• _YOUR INSTRUCTIONS_:
Would you copy out exactly the lines of the listing below, beginning with the one that contains "Lucky Brand Shirt" and ending with the last?

• _EXTRACTED MATERIAL_:
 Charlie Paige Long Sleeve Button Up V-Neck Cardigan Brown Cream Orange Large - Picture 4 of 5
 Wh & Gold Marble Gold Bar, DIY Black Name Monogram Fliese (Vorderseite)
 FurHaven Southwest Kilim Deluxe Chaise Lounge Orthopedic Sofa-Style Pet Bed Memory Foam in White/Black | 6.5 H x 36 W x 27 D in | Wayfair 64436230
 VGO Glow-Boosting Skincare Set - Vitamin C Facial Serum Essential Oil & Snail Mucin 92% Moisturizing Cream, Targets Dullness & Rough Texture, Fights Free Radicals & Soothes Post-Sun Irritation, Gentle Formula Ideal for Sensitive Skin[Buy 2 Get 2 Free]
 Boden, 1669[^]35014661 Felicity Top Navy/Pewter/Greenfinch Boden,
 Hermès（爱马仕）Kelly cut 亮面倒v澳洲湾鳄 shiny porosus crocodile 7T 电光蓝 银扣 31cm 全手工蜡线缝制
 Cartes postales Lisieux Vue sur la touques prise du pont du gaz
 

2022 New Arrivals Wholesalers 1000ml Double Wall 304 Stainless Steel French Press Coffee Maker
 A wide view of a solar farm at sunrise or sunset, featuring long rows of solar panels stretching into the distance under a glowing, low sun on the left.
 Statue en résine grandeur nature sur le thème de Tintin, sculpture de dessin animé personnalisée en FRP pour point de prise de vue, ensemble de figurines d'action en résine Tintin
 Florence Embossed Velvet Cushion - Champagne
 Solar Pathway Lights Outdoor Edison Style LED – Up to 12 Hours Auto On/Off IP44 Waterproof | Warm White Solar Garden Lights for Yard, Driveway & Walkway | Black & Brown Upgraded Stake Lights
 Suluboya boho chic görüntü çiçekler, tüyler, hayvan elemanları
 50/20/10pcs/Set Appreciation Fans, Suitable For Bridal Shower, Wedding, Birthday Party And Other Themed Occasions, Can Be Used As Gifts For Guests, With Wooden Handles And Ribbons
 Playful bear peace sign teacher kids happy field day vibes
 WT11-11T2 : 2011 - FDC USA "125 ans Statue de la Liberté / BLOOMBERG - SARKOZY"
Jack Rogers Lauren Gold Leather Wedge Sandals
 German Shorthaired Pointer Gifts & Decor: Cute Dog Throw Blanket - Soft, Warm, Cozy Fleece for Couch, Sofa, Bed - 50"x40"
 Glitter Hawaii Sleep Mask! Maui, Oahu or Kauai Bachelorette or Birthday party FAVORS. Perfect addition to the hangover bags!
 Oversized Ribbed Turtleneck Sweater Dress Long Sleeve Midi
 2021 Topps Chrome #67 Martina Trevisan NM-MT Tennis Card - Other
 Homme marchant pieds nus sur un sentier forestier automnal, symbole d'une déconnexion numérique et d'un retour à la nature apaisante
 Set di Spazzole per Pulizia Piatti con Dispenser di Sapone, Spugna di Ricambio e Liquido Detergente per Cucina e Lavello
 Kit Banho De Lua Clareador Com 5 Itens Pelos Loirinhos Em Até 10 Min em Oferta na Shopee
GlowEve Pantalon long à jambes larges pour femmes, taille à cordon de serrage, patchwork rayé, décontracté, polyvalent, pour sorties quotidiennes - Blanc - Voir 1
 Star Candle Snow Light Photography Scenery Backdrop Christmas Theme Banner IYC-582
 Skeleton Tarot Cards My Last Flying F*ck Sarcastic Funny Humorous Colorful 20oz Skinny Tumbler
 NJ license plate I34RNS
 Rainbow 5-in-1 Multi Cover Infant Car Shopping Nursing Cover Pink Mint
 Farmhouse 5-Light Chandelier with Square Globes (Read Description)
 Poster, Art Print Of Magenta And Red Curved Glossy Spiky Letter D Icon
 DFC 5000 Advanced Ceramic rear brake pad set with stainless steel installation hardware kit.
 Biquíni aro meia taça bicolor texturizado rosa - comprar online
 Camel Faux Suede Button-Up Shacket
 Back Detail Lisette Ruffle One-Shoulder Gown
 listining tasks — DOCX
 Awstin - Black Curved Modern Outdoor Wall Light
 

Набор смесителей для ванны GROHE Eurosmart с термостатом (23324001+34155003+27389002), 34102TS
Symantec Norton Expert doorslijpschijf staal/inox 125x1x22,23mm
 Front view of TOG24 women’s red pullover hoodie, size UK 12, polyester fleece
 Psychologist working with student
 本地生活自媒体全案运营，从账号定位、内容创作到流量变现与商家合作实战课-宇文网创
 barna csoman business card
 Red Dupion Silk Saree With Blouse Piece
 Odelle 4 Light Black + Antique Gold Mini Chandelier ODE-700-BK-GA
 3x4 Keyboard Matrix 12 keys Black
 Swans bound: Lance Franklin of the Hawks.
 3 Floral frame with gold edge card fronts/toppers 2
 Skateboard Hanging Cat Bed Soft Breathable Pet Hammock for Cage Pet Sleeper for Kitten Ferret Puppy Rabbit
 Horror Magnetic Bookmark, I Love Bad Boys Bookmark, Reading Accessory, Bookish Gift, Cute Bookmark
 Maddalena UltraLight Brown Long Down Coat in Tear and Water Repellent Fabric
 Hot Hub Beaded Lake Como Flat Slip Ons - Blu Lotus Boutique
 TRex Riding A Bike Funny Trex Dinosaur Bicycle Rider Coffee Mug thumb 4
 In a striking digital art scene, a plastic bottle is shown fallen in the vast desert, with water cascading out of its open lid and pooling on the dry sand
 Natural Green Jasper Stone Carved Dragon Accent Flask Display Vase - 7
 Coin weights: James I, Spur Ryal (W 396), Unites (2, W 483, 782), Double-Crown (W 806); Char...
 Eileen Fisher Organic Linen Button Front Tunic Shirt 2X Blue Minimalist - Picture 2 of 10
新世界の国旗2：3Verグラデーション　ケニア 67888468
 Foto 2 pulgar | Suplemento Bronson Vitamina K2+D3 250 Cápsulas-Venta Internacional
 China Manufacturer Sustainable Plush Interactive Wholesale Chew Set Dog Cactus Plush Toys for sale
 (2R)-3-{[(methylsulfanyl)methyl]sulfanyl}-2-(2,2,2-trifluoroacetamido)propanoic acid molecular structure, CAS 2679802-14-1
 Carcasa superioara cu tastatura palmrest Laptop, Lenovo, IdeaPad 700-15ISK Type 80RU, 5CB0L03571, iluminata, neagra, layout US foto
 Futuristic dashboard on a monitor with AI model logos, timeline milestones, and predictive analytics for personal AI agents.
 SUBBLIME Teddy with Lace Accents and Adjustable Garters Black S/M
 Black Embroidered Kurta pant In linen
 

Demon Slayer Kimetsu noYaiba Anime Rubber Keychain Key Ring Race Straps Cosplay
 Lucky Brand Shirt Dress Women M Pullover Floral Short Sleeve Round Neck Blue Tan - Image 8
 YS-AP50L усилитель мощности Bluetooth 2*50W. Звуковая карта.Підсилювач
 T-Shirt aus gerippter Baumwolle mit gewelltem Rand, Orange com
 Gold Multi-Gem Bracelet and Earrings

• _TASK OUTPUT_:
 Lucky Brand Shirt Dress Women M Pullover Floral Short Sleeve Round Neck Blue Tan - Image 8
 YS-AP50L усилитель мощности Bluetooth 2*50W. Звуковая карта.Підсилювач
 T-Shirt aus gerippter Baumwolle mit gewelltem Rand, Orange com
 Gold Multi-Gem Bracelet and Earrings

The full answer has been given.